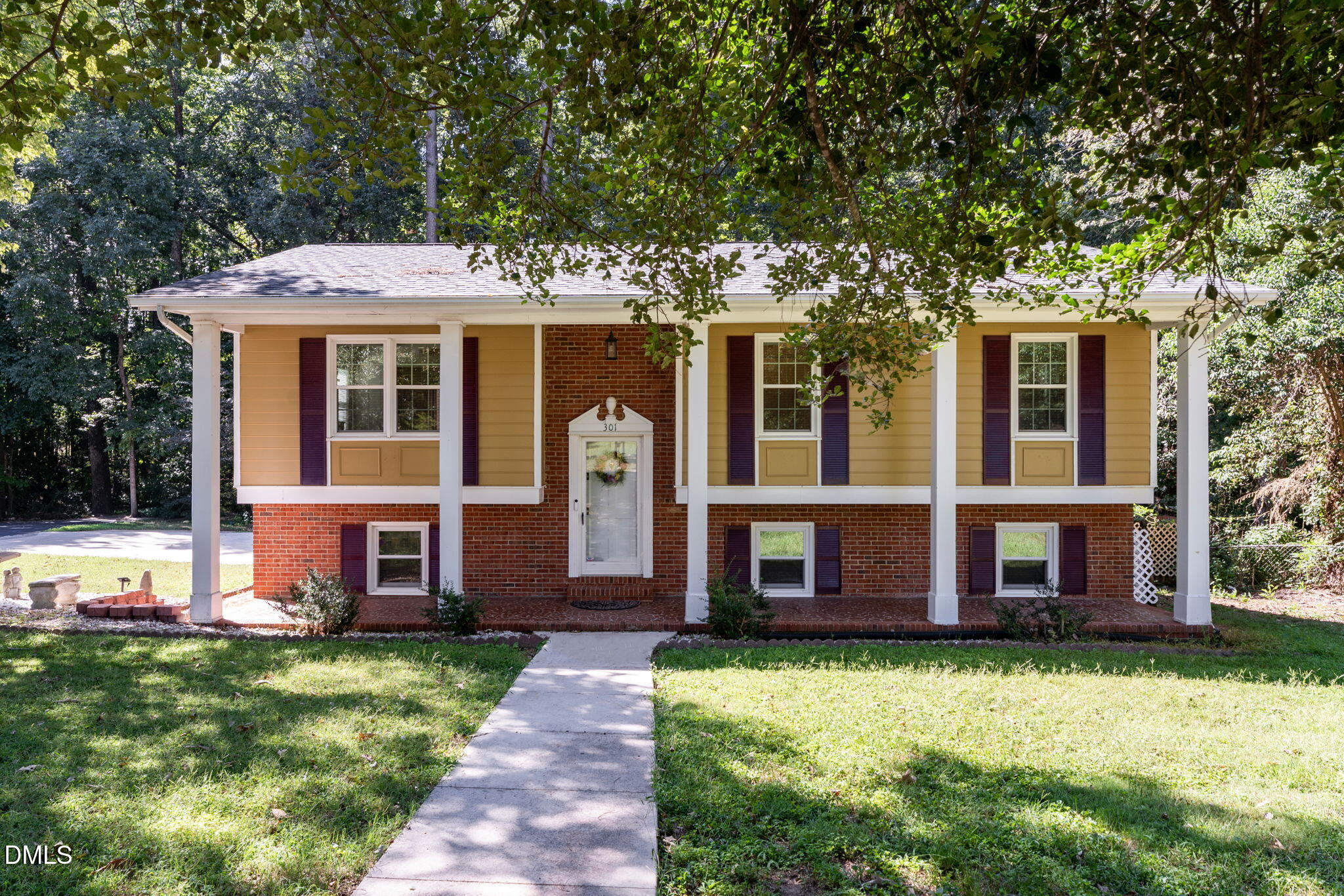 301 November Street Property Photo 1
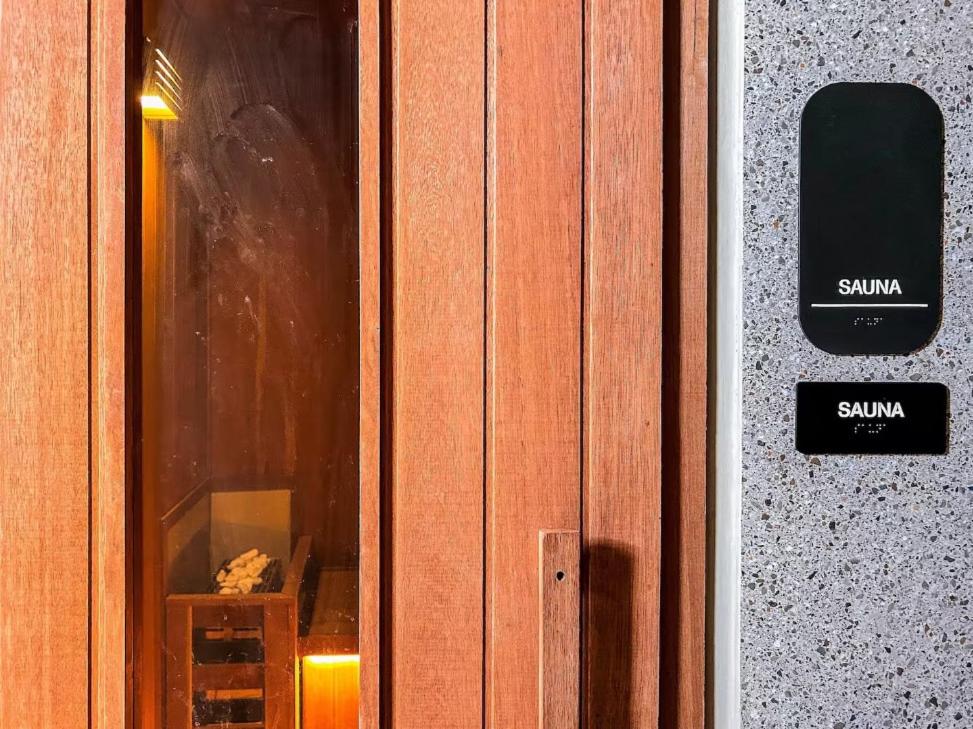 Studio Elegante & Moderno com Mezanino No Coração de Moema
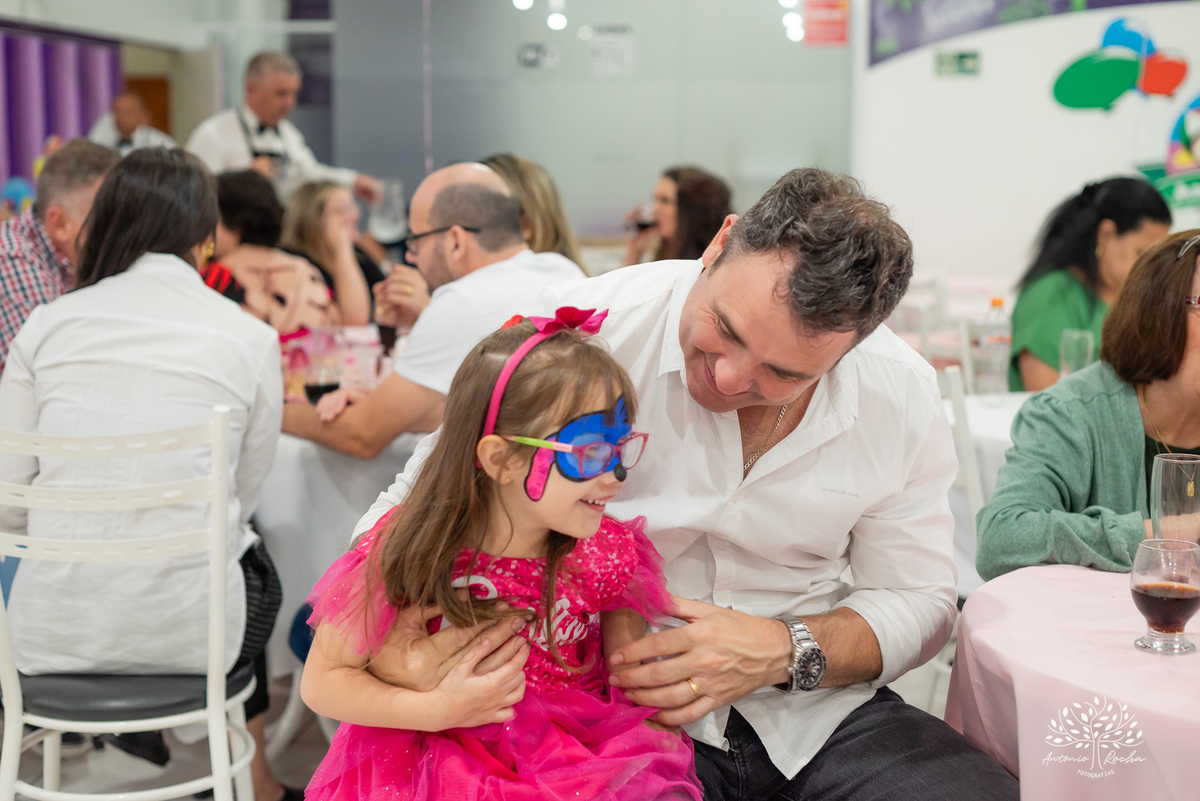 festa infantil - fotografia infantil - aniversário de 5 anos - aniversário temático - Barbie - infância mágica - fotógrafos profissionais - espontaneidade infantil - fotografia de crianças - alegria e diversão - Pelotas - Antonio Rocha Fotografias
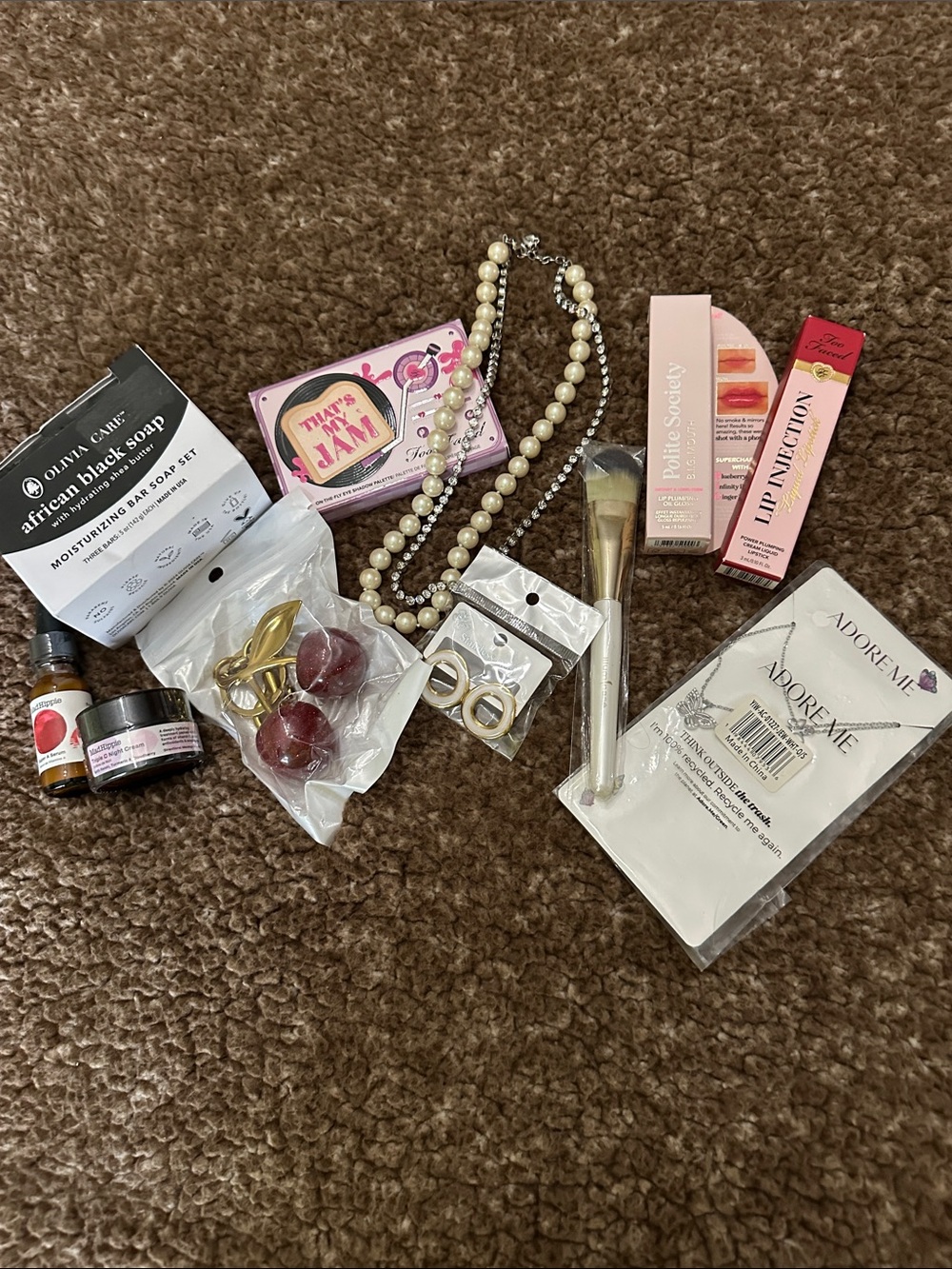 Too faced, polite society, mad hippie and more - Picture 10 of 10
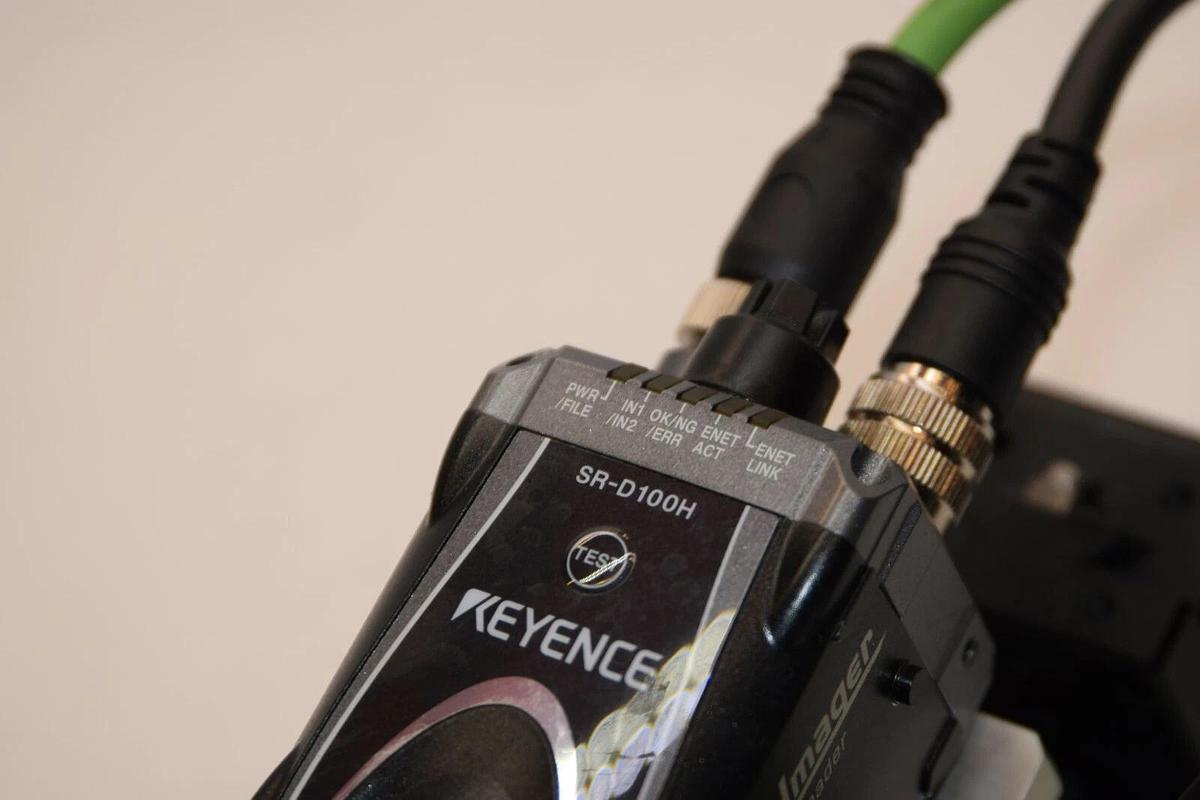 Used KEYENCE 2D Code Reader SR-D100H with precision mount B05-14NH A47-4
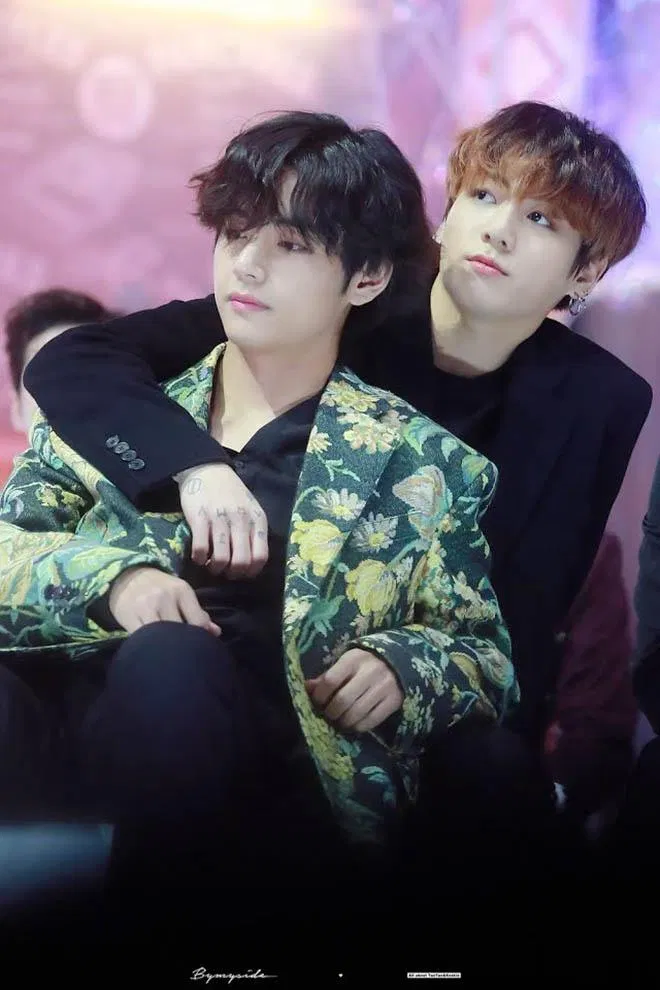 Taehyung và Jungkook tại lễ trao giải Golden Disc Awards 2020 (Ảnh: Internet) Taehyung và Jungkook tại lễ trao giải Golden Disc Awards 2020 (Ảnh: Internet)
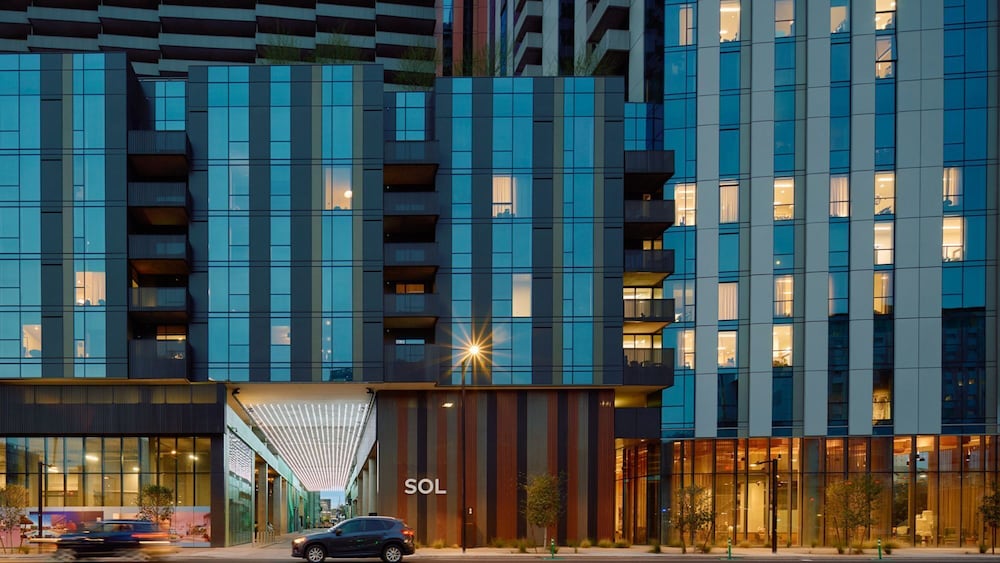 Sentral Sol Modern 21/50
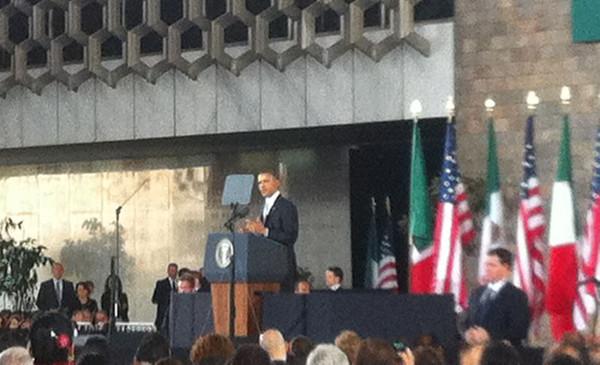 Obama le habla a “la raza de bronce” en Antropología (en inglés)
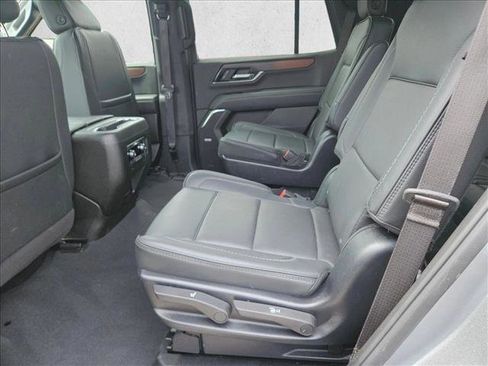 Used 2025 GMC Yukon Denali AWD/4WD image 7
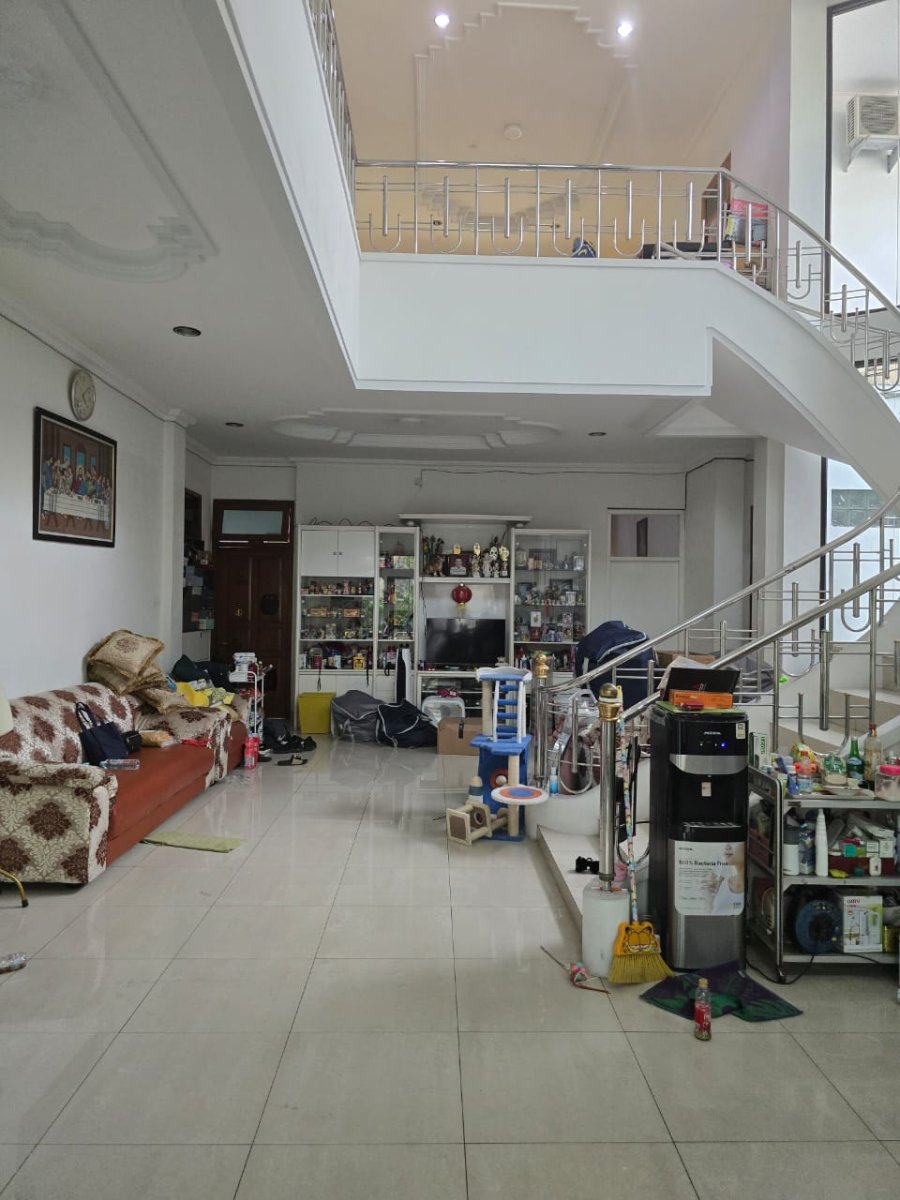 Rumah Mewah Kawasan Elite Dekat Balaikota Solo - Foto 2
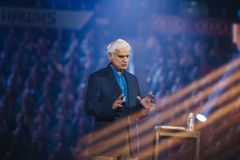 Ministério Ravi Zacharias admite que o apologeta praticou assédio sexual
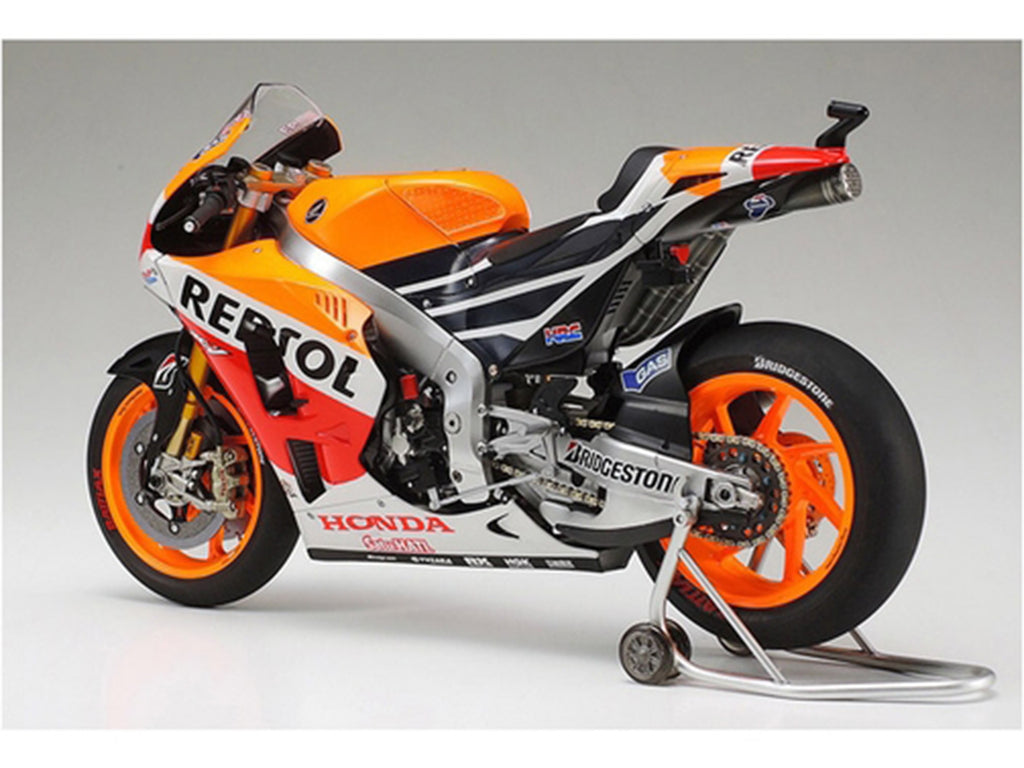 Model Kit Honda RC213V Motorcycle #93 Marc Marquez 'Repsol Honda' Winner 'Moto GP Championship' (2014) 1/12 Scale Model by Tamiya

* _Task brief_
Please reprint the whole listing exactly and omit its pictures.

* _The completed task_
 301 November Street Property Photo 1
 Studio Elegante & Moderno com Mezanino No Coração de Moema
 festa infantil - fotografia infantil - aniversário de 5 anos - aniversário temático - Barbie - infância mágica - fotógrafos profissionais - espontaneidade infantil - fotografia de crianças - alegria e diversão - Pelotas - Antonio Rocha Fotografias
 Too faced, polite society, mad hippie and more - Picture 10 of 10
 Used KEYENCE 2D Code Reader SR-D100H with precision mount B05-14NH A47-4
 Taehyung và Jungkook tại lễ trao giải Golden Disc Awards 2020 (Ảnh: Internet) Taehyung và Jungkook tại lễ trao giải Golden Disc Awards 2020 (Ảnh: Internet)
 Sentral Sol Modern 21/50
 Obama le habla a “la raza de bronce” en Antropología (en inglés)
 Used 2025 GMC Yukon Denali AWD/4WD image 7
 Rumah Mewah Kawasan Elite Dekat Balaikota Solo - Foto 2
 Ministério Ravi Zacharias admite que o apologeta praticou assédio sexual
 Model Kit Honda RC213V Motorcycle #93 Marc Marquez 'Repsol Honda' Winner 'Moto GP Championship' (2014) 1/12 Scale Model by Tamiya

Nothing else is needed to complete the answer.